Florida expanding 287-g programs
Florida’s governor, Ron DeSantis, used the modest expansion of an existing program as a photo-op to disparage what he calls “illegal immigrants.”
Standing beside a woman who lost a relative to a traffic accident 18 years ago, possibly caused by an undocumented migrant, DeSantis announced new 287-g agreements between the federal government and Hernando and Pasco Counties. 287-g programs are established through direct agreements between local and federal officials, and effectively deputize local police to act as immigration enforcement officers. Florida has five counties now participating in the program. DeSantis is thus not directly involved, but happy to take some pictures. He also states that he was hoping to expand monitoring into Florida’s expansive state prison system.
[Note: There have been many successful campaigns to suspend, or block implementation of 287-g programs.
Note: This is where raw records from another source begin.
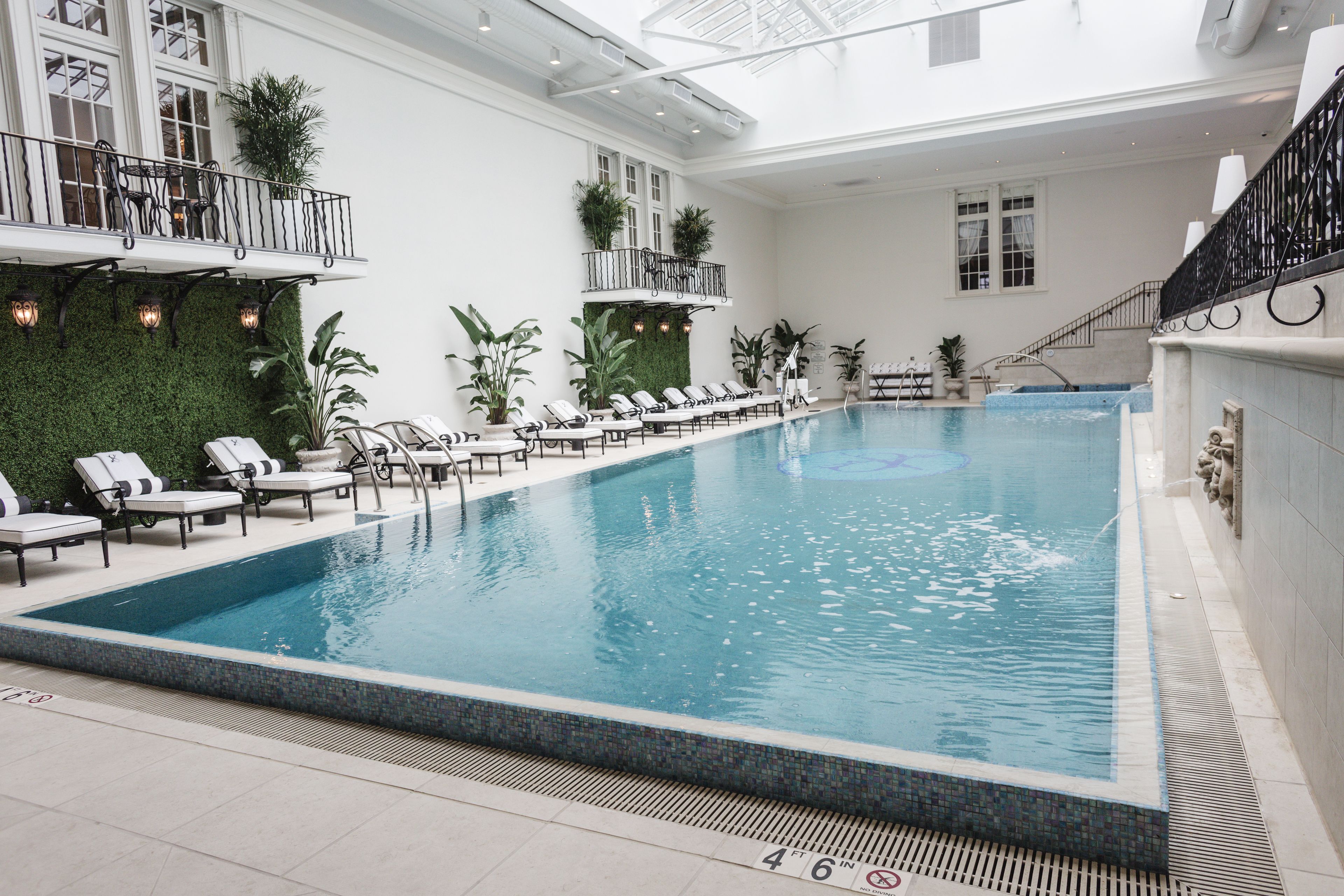 An indoor swimming pool with lounge chairs and a green wall.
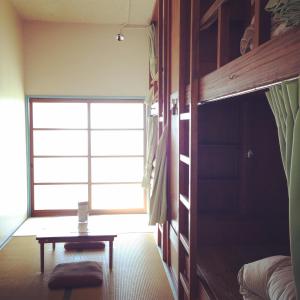宫津市天桥立青年旅舍的窗户前设有一张床和一张桌子的房间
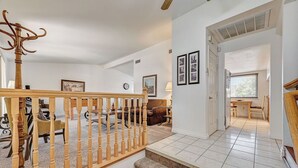 A spacious living area with a wooden staircase, a dining area, and a view of the outside through a window. - Spacious 4 bedroom with 7 beds! (Las Vegas)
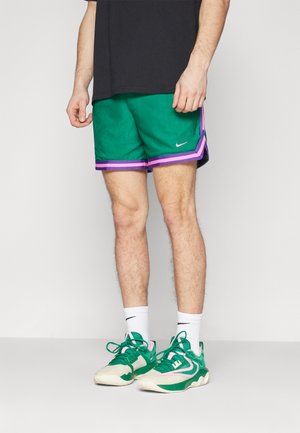 Pantalones cortos deportivos verdes con rayas moradas, hechos de una tela texturizada. Combinados con zapatillas verdes y calcetines blancos. Camiseta negra sencilla.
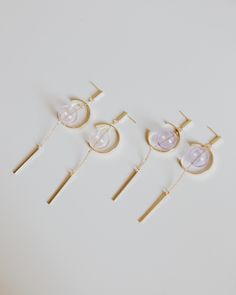 five pairs of earrings with gold posts and pink stones on them, all in different shapes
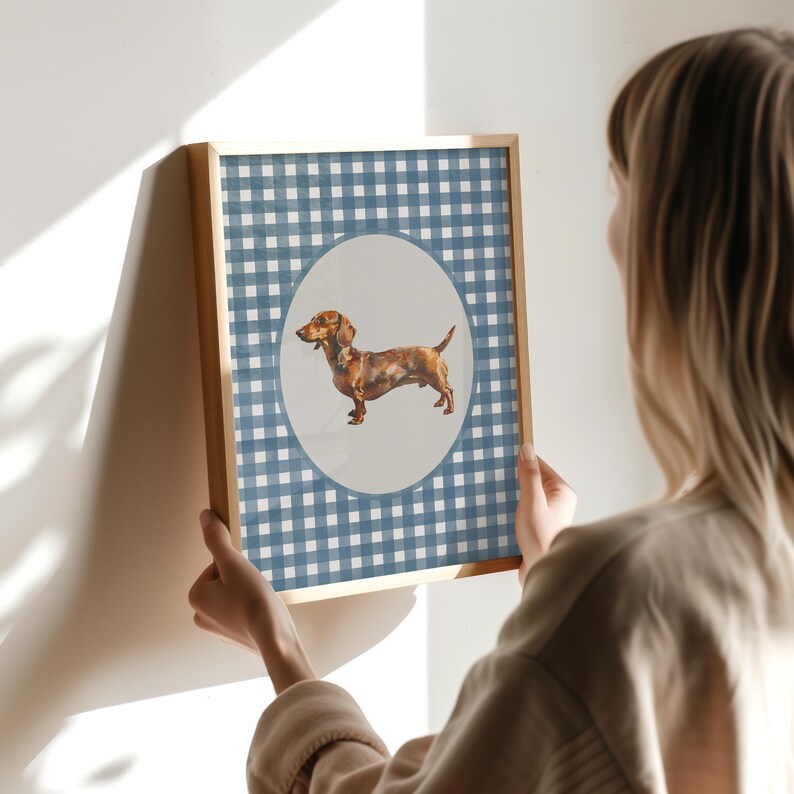 A vintage asethetic digital download art print. Blue watercolor gingham pattern painted on handmade textured paper with an oil painting of a dachshund dog in the center.  Cute trendy nursery decor or dog lover art
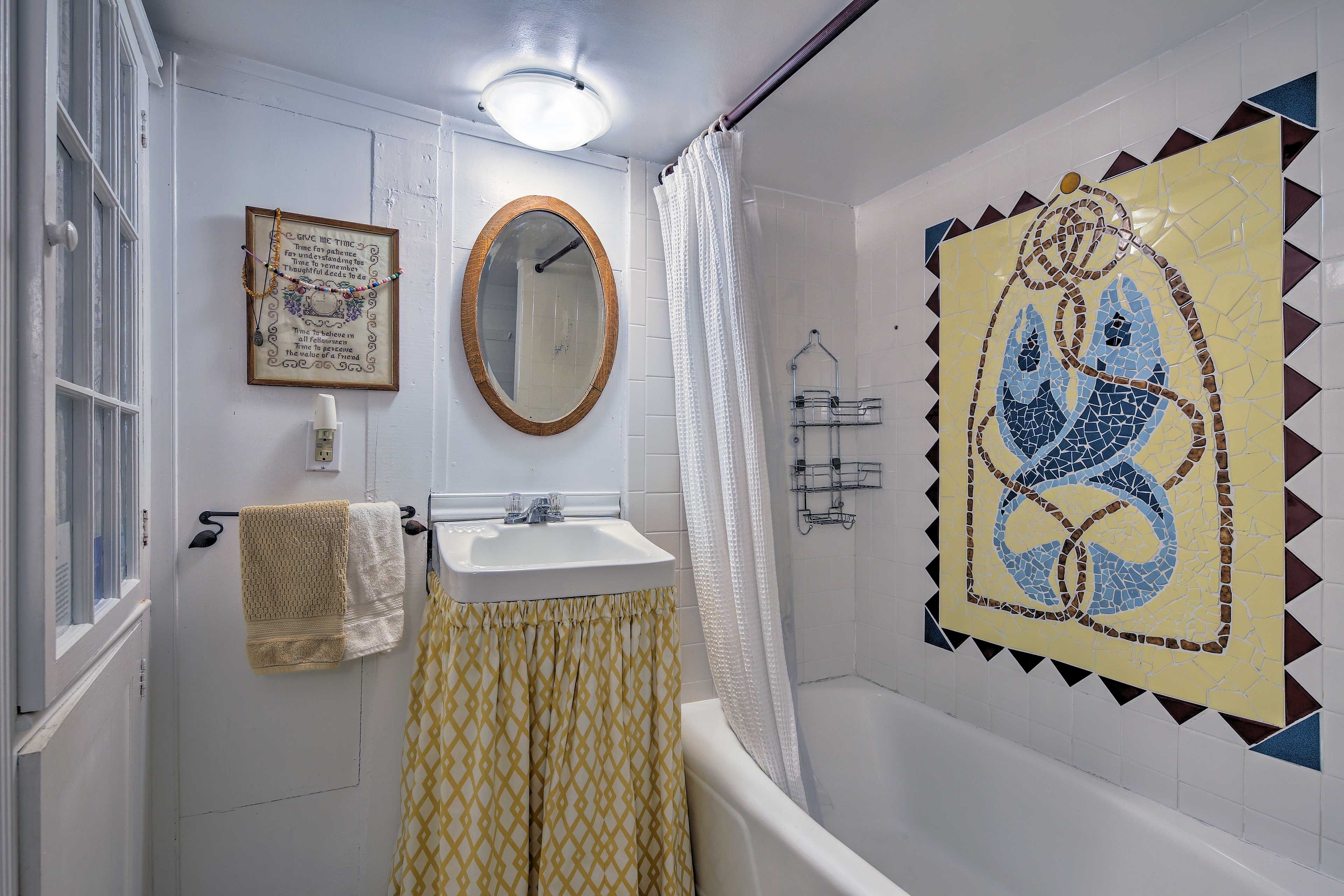 You'll love this bathroom's unique mosaic.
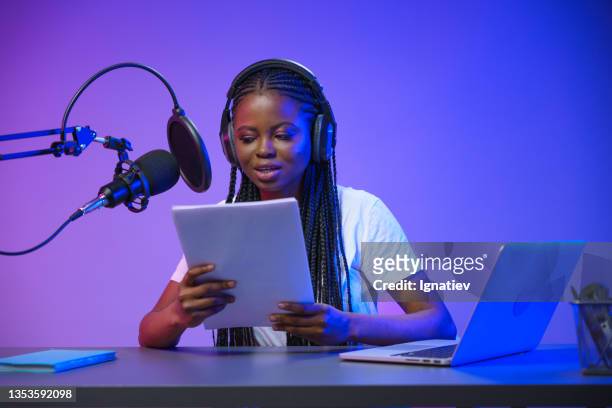 a young african female radio dj records the news in a professional studio with a purple background - radio dj stockfoto's en -beelden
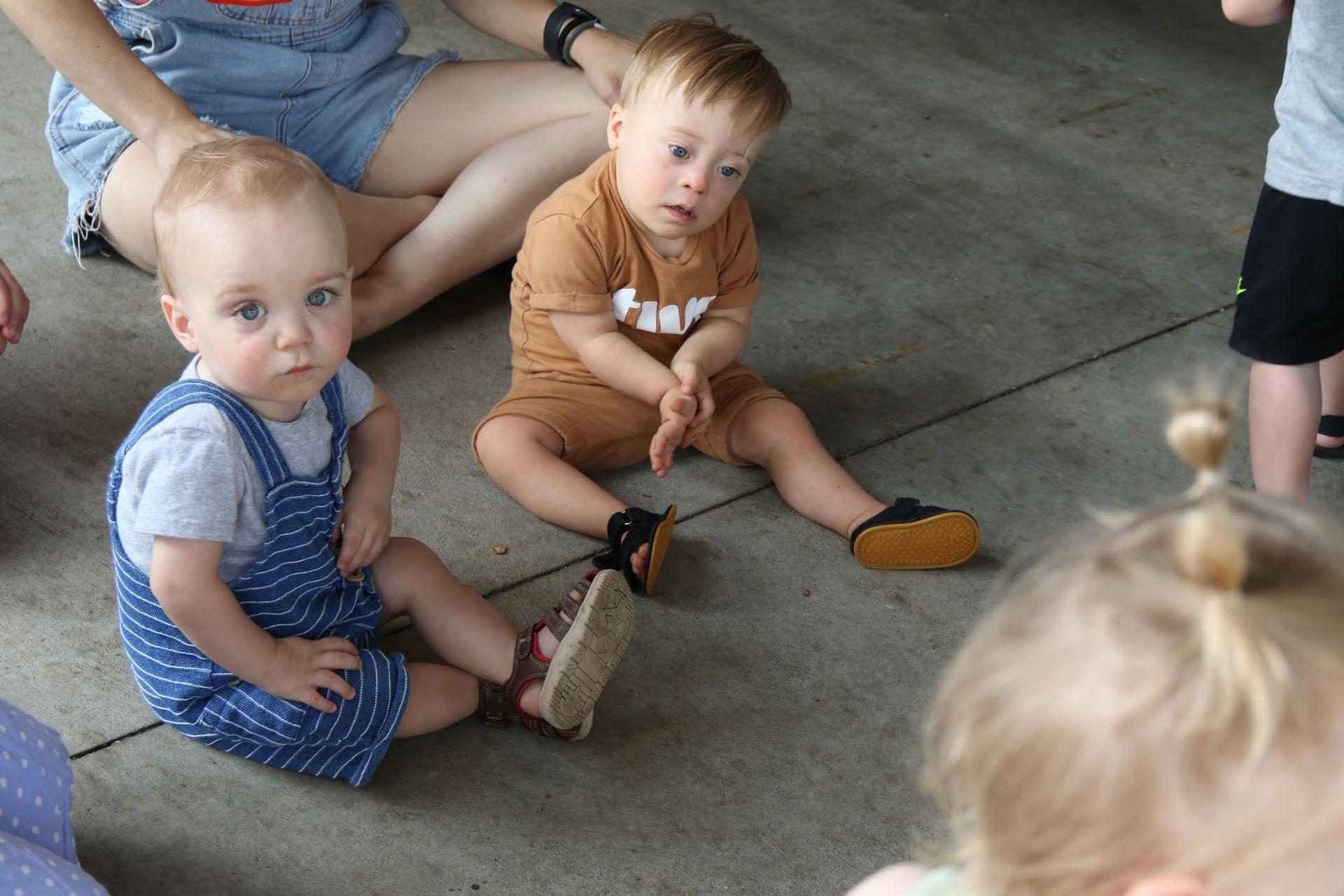Two toddlers and a person with blue shorts sit on the floor, looking forward.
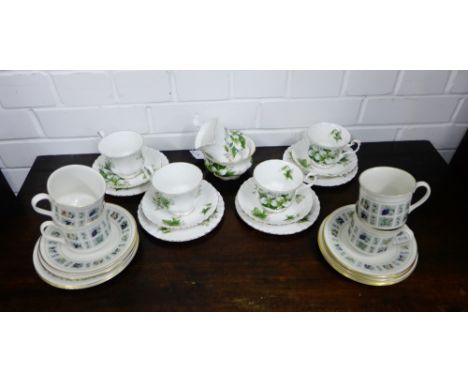 A Royal Albert Trillium patterned teaset, together with a Royal Doulton Tapestry pattern teaset, (26)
A list of 287-g agreements, and campaigns to end them here.]
Charlotte, NC facing divisions over ICE Activity
In Charlotte, North Carolina, a recent surge in ICE Activity has angered local residents, who are looking for the local government to intervene.
From the Charlotte Observer:
In the wake of a wave of mass arrests by Immigration and Customs Enforcement earlier in February, Mayor Vi Lyles said she has created an ad hoc city council committee that will conduct outreach to the city’s immigrant communities.
But that response was too little and too late for many immigration advocates, who packed city council on Monday evening as they called on its members to take a stronger stance against the arrests.
They slammed Lyles and the council for failing to put out a statement condemning ICE. And they asked for the council to add immigration reform to its federal legislative agenda — a move it had declined to make at previous meetings.
ICE argued that they had no choice but to set up activity on the street in Charlotte because the county has no 287-g program.
California is pushing back against inadequate federal inspections
ICE facilities operate under direct contracts between ICE and vendors, usually private companies. DHS and ICE are supposed to oversee inspections of these facilities, and hold contractors who violate the law accountable. DHS does inspections. They do find violations. However, little changes as a result, and offending companies continue to get contracts.
California is now taking on inspection obligations for facilities inside the state. As reported in Associated Press coverage:
California Attorney General Xavier Becerra released a report Tuesday that also found that detainees face long periods of confinement without breaks and language barriers in the 10 detention facilities state authorities inspected in 2017.
Becerra says the state Legislature requires the California Department of Justice to inspect and report on the facilities' conditions over the next 10 years. That law was one of three "sanctuary state'' laws the Trump Administration unsuccessfully challenged in federal court.
“We’re committed to upholding the welfare of all people in California, including those in local detention facilities pending immigration proceedings,” Becerra said. “At the California Department of Justice, we will continue to review detention facilities in our state and shine much-needed light on civil detention conditions.”